Each Timeseries object contains the following attributes:

Attributes
data	(pd.DataFrame) as described above, with datetime index and one or more columns of timeseries data
quality_df	(pd.DataFrame) autogenerated with same shape as data, but with a character mapped to each data point. flags include “g”=good, “m”=missing, “i”=interpolated, “b”=bad
series	(str) timeseries dimension for TileDB schema, ie ‘raw’, ‘microstrain’, ‘atmp_c’, ‘tide_c’, ‘offset_c’, ‘trend_c’
units	(str) units of data
level	(str) level of data. ie. ‘0’,’1’,’2a’,’2b’
period	(float) sample period of data
name	(str) optional name of timeseries, used for showing stats and plotting. defaults to network.station
network	(str) FDSN two character network code
station	(str) FDSN four character station code

DataFrame data can be initially loaded into a Timeseries object either directly i.e.

from earthscopestraintools.timeseries import Timeseries
strain_raw = Timeseries(data=your_data_df, 
                        series="raw",
                        units="counts",
                        level="0",
                        period=1,
                        name="PB.B004.raw",
                        network="PB",
                        station="B004")

or (Recommended) by using the function mseed_to_ts(), which will call FDSN-DataSelect web service and load the requested data from the miniseed archive i.e.

from earthscopestraintools.mseed_tools import ts_from_mseed
start="2023-01-01T00:00:00"
end = "2023-02-01T00:00:00"
strain_raw = ts_from_mseed(network="PB",
                            station="B004",
                            location='T0',
                            channel='LS*', 
                            start=start, 
                            end=end)

Timeseries objects contain a number of processing methods, which build and return new timeseries objects. For example, decimation of 1s data to the typical 300s data is performed by the following method, which returns a new Timeseries object

decimated_counts = strain_raw.decimate_1s_to_300s()
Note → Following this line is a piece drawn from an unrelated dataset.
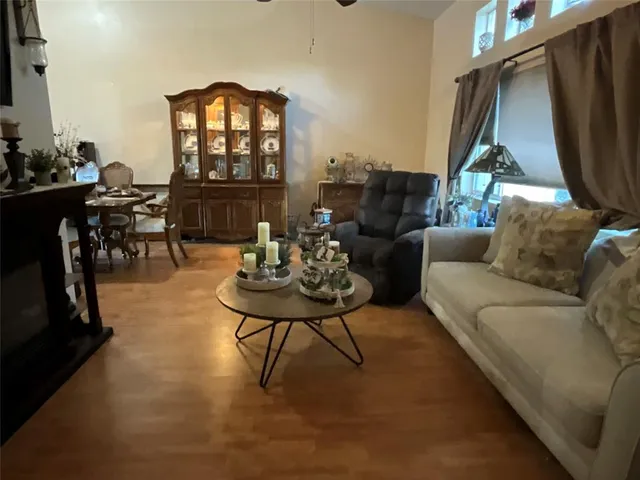 $550,000 | 9876 Northwest 28th Court, Coral Springs, FL 33065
They also contain a built-in method stats() which displays a summary of the Timeseries object, including information on missing/interpolated data. An Epoch is defined as a single row in the data, while a Sample is an individual value.

strain_raw.stats()

PB.B004.T0.LS*
    | Channels: ['CH0', 'CH1', 'CH2', 'CH3']
    | TimeRange: 2023-01-01 00:00:00 - 2023-02-01 00:00:00        | Period:             1s
    | Series:         raw| Units:        counts| Level:          0| Gaps:            0.06%
    | Epochs:     2678401| Good:     2676756.25| Missing:  1644.75| Interpolated:      0.0
    | Samples:   10713604| Good:       10707025| Missing:     6579| Interpolated:        0

Another built-in method plot() is useful for visualization of Timeseries data.

strain_raw.plot()

See the api docs for more details on available methods and options, and the example notebooks for introductory usage.